What is expected >>
The lines to transcribe begin with the one containing "What to do when a female dog is in heat What" and end with the last line below; reproduce them exactly, without the pictures.

##### Supplied material

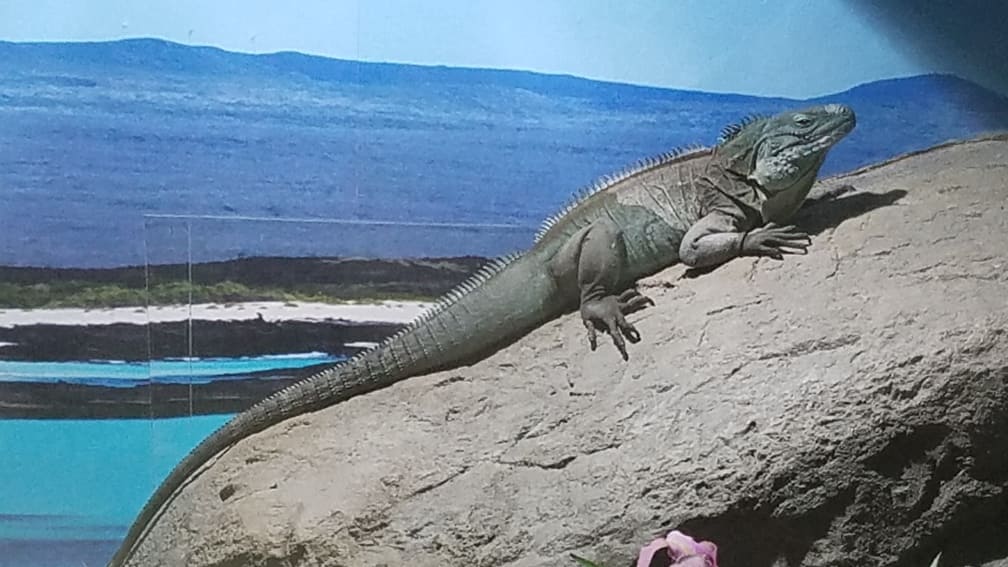 lizard el paso zoo 3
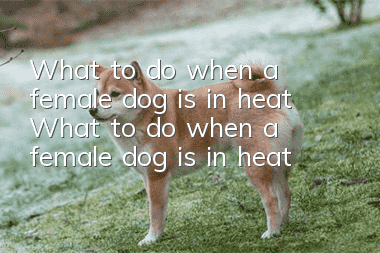 What to do when a female dog is in heat What to do when a female dog is in heat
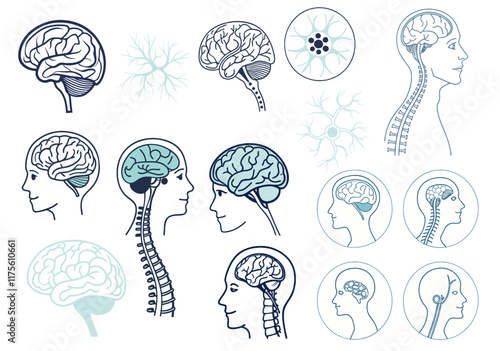 Collection of modern and flat design icons nervous system, featuring a human brain, minimal style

##########

Task solution >>
 What to do when a female dog is in heat What to do when a female dog is in heat
 Collection of modern and flat design icons nervous system, featuring a human brain, minimal style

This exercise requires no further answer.